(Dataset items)

BEGIN

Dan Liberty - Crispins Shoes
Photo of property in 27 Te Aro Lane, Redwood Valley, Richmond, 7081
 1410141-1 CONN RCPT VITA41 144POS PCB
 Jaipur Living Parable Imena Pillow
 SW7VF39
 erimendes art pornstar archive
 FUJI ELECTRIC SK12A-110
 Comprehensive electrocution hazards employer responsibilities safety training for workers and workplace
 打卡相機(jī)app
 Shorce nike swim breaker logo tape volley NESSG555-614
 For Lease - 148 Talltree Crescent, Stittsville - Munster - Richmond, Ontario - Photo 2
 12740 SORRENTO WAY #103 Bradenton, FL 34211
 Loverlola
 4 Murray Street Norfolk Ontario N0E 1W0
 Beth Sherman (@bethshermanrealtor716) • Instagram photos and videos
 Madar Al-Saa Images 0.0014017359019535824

END

◆ WHAT IS REQUIRED:
The reply must consist solely of the lines from the one containing "FUJI ELECTRIC SK12A-110" through the last line of the data, reproduced exactly.

◆ RESPONSE TO THIS TASK:
 FUJI ELECTRIC SK12A-110
 Comprehensive electrocution hazards employer responsibilities safety training for workers and workplace
 打卡相機(jī)app
 Shorce nike swim breaker logo tape volley NESSG555-614
 For Lease - 148 Talltree Crescent, Stittsville - Munster - Richmond, Ontario - Photo 2
 12740 SORRENTO WAY #103 Bradenton, FL 34211
 Loverlola
 4 Murray Street Norfolk Ontario N0E 1W0
 Beth Sherman (@bethshermanrealtor716) • Instagram photos and videos
 Madar Al-Saa Images 0.0014017359019535824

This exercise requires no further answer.